Still, despite the limited nature of the meeting, Sean Sullivan of the Sierra Club's Tucson-based Rincon Group was encouraged that U.S. Customs and Border Protection and the Border Patrol were at least following the rules of the National Environmental Policy Act by holding the meeting.

"This is the first time that any type of public scoping meeting has happened (with a Border Patrol-related project), and that's heartening," Sullivan said. "But there's still not enough information provided at this meeting in order for people to make meaningful comments."

The information that was provided to the approximately 50 attendees came via a 15-minute PowerPoint presentation from Paula Miller, environmental planner for the SBInet program.

Miller talked about "installing and upgrading technology solutions," such as communications towers up to 98 feet high, ground sensors and light towers that would support the Border Patrol in its mission to further secure the border - an effort that has been dubbed the "virtual fence."
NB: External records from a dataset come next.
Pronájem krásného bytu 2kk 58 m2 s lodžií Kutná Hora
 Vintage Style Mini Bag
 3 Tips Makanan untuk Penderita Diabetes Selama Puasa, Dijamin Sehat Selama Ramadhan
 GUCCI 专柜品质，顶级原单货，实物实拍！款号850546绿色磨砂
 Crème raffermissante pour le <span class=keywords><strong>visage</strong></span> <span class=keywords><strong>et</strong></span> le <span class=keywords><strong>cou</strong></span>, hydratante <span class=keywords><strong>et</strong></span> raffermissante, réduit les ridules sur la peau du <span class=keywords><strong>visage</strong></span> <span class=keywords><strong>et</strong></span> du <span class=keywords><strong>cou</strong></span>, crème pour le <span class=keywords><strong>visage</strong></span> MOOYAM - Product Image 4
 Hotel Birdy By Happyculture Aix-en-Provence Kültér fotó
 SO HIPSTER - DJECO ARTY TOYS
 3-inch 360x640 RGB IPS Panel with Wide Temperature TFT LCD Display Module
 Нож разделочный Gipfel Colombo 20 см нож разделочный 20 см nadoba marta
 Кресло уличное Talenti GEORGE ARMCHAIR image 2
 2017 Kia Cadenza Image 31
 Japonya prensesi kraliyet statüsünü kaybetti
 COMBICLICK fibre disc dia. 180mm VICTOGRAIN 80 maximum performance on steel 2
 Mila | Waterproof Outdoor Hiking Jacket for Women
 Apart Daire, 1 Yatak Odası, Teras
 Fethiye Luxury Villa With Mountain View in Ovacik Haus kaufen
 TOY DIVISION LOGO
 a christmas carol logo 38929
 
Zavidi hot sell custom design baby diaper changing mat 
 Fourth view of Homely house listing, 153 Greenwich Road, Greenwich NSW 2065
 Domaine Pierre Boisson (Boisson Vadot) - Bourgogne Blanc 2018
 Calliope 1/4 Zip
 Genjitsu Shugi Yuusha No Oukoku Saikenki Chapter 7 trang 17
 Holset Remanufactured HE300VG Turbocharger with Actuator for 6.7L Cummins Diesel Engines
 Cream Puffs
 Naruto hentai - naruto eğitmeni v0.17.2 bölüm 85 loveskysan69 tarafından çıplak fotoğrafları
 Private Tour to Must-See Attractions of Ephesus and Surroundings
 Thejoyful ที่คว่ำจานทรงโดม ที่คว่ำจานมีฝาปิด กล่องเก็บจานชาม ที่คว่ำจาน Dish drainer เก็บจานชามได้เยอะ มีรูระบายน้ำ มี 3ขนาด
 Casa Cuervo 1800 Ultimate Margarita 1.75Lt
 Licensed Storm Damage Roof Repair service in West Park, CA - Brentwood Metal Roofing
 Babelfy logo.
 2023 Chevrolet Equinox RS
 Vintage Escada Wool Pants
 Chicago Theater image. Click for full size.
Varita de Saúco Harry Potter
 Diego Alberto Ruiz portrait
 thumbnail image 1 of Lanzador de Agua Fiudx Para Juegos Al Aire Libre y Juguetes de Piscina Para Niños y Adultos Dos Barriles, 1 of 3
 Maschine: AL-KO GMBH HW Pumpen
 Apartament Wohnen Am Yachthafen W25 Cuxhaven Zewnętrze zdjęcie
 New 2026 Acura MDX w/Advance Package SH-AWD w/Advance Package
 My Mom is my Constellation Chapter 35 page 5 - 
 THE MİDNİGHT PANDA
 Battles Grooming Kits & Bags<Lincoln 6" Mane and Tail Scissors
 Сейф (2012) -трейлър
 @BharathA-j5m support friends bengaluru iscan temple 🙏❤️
Miller said the program would be implemented along a 262-mile-long corridor that runs the lengths of Pima, Santa Cruz and Cochise counties and extends 25 miles inland from the border.

However, she added, before the building begins, SBInet planners will undertake an environmental assessment that includes input from the public.

"We'll take your comments, review them, and determine if they're applicable to the project," she said, adding that if relevant issues are brought to light that had not been previously considered, they will be adapted into the assessment.

Once the assessment is finished, it will be published in draft form, and the public will be given 30 days to view and comment on it, Miller said.

Jim Hawkins, a spokesman with the Border Patrol's Tucson Sector, said afterward that the specifics of the program, such as what will be built and where, also would be made available to the public.

"When we decide where we're going to place things and the type of infrastructure we're going to put in, we'll do public outreach and we'll seek public input," he said. "It's going to be a very transparent process."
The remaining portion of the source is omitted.